Angular defines a concept of a digest cycle. This cycle can be considered as a loop, during which Angular checks if there are any changes to all the variables watched by all the $scopes. So if you have $scope.variable defined in your controller and this variable was marked for being watched, then you are implicitly telling Angular to monitor the changes on this variable in each iteration of the loop.
Also its really important to know that all watches are considered in every digest cycle, whether there values has changed or not. If there values have changed, they are updated else they are kept unchanged.

Next natural question would be: Is everything attached to $scope being watched always? Fortunately, no. If you would watch for changes to every object in your $scope, then digest loop would take ages to end and you would run into performance issues.

So what is being watched??

$watch:


There are two ways of declaring a $scope variable as being watched.

By using it in your template via expression: 

As you already saw in last tutorial, variables kept inside {{ }} or with ng-bind, are being watched by default. This is the most common scenario, every time you use {{ }} you create a new watch. You will see ahead there are many places where you will be using them.

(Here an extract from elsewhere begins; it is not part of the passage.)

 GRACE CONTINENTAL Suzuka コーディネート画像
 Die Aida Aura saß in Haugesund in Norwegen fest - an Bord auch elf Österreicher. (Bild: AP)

So have one clear thing in mind,
one {{ }} means one watch.

By adding it manually via $watch service

This is how you create your own watches. $watch service helps you to run some code when some value attached to the $scope has changed. It is rarely used, but sometimes its really helpful. For instance, if you want to run some code each time 'thisVariable' changes, you could do the following:

function MyController($scope) {

   $scope.thisVariable = 1;

   $scope.$watch('thisVariable', function() {
       alert('Hey, thisVariable has changed!');
   });
}

$watch takes a variable and a listener function or callback function. It watches for the previous value of variable and if the value has changed, it executes the listener function.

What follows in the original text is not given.